Para o relator, uma vez atendidos os requisitos objetivos de identificação, o direito do passageiro com deficiência ou necessidade especial não pode ser negado.

Divergência sobre competência legislativa

No debate sobre a competência para legislar, Mendonça avaliou que a lei estadual invadiu matéria de competência privativa da União. Prevaleceu, contudo, o entendimento do ministro Alexandre de Moraes de que se trata de tema de competência concorrente, relacionado à proteção e integração social de pessoas com deficiência.

Ainda assim, Moraes considerou que a norma estadual acabou restringindo direitos, acompanhando o mérito do relator. Seguiram seu voto nesse ponto os ministros Cármen Lúcia, Flávio Dino, Dias Toffoli e Edson Fachin.

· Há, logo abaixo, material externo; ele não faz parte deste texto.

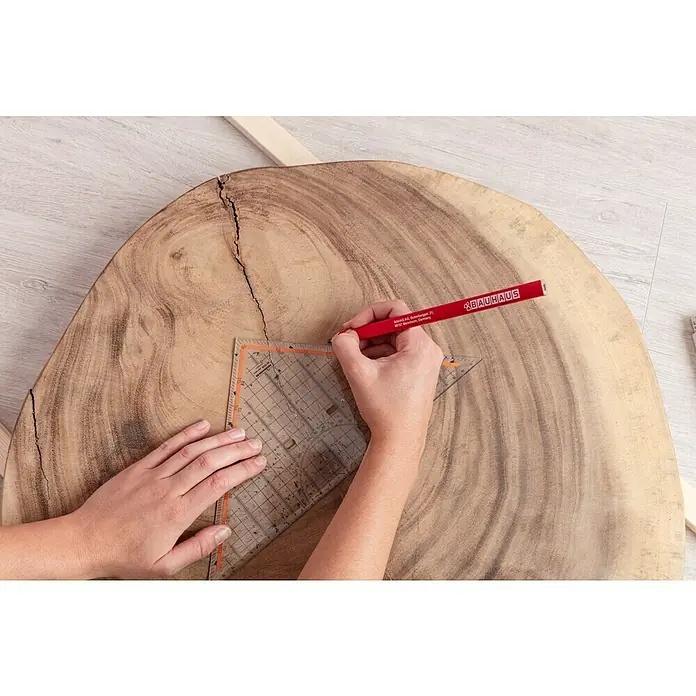 BAUHAUS Zimmermannsbleistift - Lindenholz, Länge: 240 mm - Ein Holztisch wird mit einem roten Bauhaus-Bleistift und einem transparenten Dreieck bearbeitet, um präzise Linien zu ziehen und das Design zu gestalten.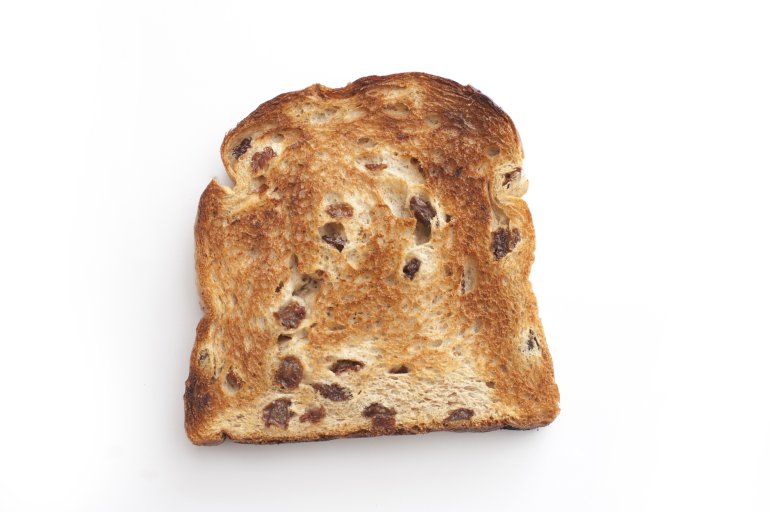 One roasted crusty slice of bread with raisin.Isolated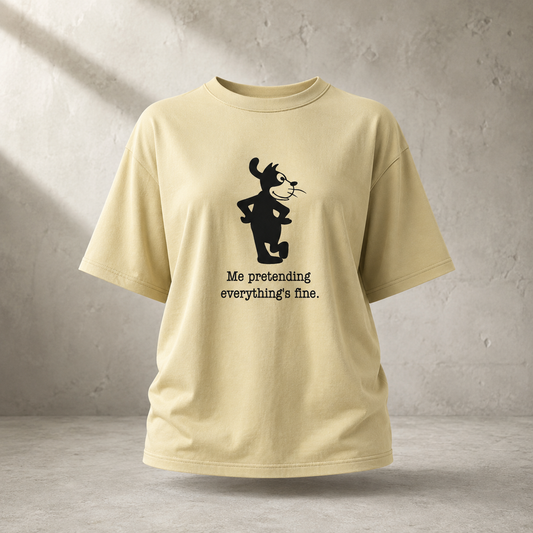 A light beige short-sleeve t-shirt with a black graphic of a cartoon cat and the text 'Me pretending everything's fine.' printed on the front, displayed against a textured gray wall.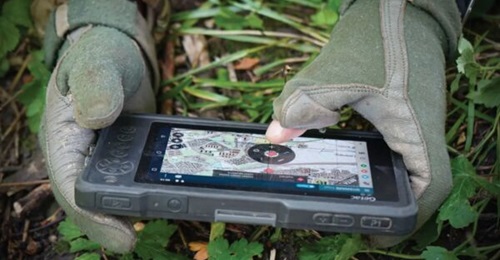 Systematic's SitaWare Edge seen displayed on a tactical communications device.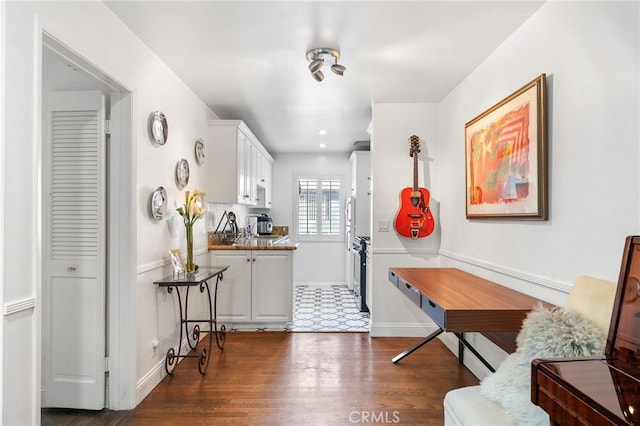 kitchen featuring white cabinetry and dark wood-type flooring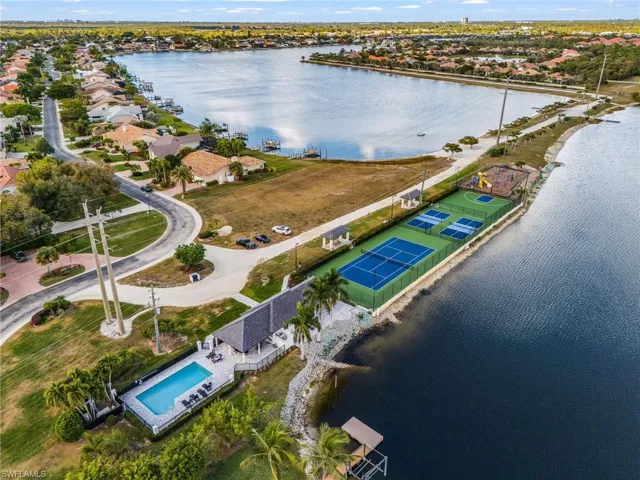 Aerial view of clubhouse, sports courts, swimming pool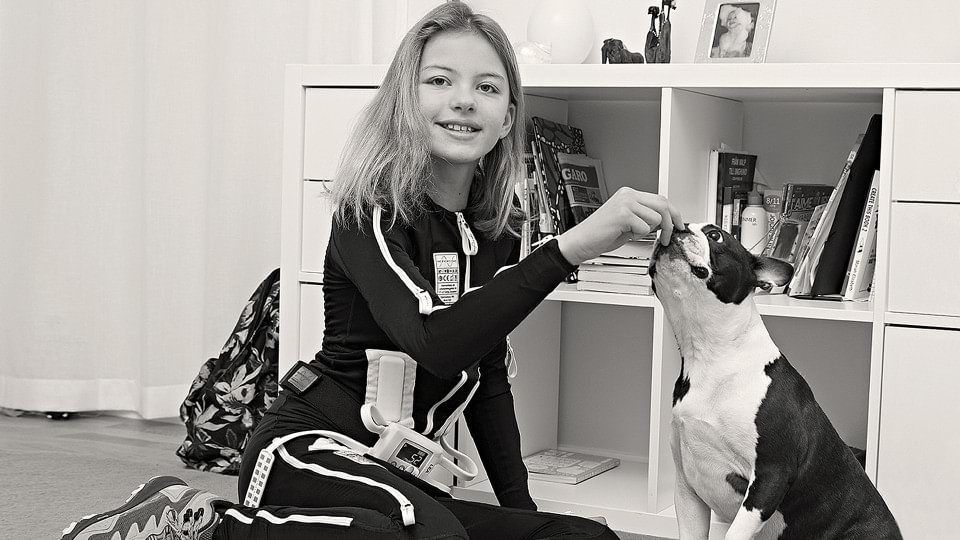 A girl plays with her dog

Detalhes da lei fluminense

Publicado em 2024, o texto:

  • classificava animais de assistência emocional como aqueles usados no apoio a pacientes psiquiátricos mediante laudo médico;
  • definia cães-guia, cães-ouvintes, cães de alerta e cães de serviço como animais de serviço;
  • autorizava as companhias a recusar embarque por motivos de peso, tamanho, raça, riscos à segurança ou interrupção de serviço;
  • previa cobrança extra quando o animal não coubesse debaixo ou à frente do assento sem obstruir corredores ou saídas de emergência.

A norma deveria entrar em vigor em 29 de novembro de 2024, mas foi suspensa por liminar de André Mendonça três dias antes. No julgamento desta quarta-feira, o Plenário converteu o referendo da liminar em decisão definitiva, tornando a lei sem efeito.